The Norman cathedral would have been a very different size and shape from the Abbey as we see it now. The present building takes up the space occupied by just the nave of Bishop John’s cathedral. The building would have had a similar cruciform shape, but probably had a much more elaborate east end with additional towers and chapels which would have extended out far beyond the boundary of today’s abbey. Surrounding the cathedral would have been the monastic buildings and gardens, the Bishop’s palace and burial grounds.

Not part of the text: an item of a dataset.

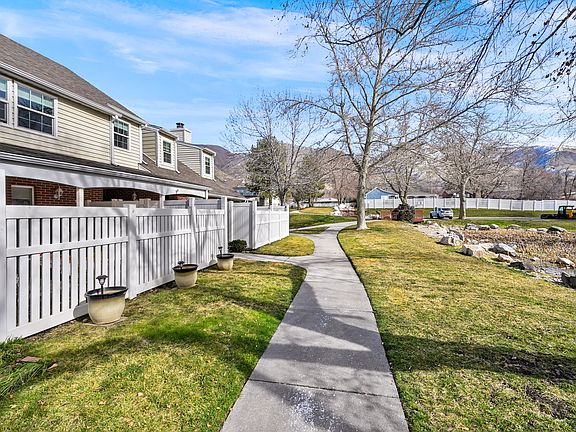 4th image of 66 Brookside Ln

The difference in floor levels between the Norman cathedral and the present building means that the evidence for the Norman building is to be found below the floor of today’s Abbey and the pavements outside. In the floor of the Alphege chapel there is a grille through which the remains of Norman pillars can be seen. In the Gethsemane chapel at the north east end of the Abbey, a rounded Norman window arch, built into the structure of the present wall, is clearly visible (depicted above). There are many other remnants of the old cathedral which are not so easily accessible, and can only be uncovered by archaeological excavation. Recent works revealed the remains of a Norman pavement around the south side of the Abbey.

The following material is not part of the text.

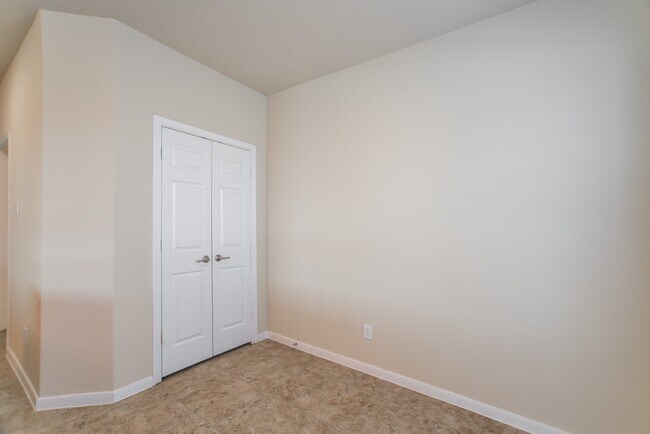 Building Photo - 139 S Rocky Point Cir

During the 13th century Bath’s importance declined, as the Bishops moved their seat back to Wells. By this time the monastery in Bath housed about 40 monks, who made a living from the wool trade, but it was difficult to maintain the huge cathedral and all of the monastic buildings. After 1398 when the Black Death had halved the monks’ numbers the task became impossible. By the time Oliver King became the new Bishop of Bath and Wells in 1495, the splendid Norman cathedral was in a desperate state of decay.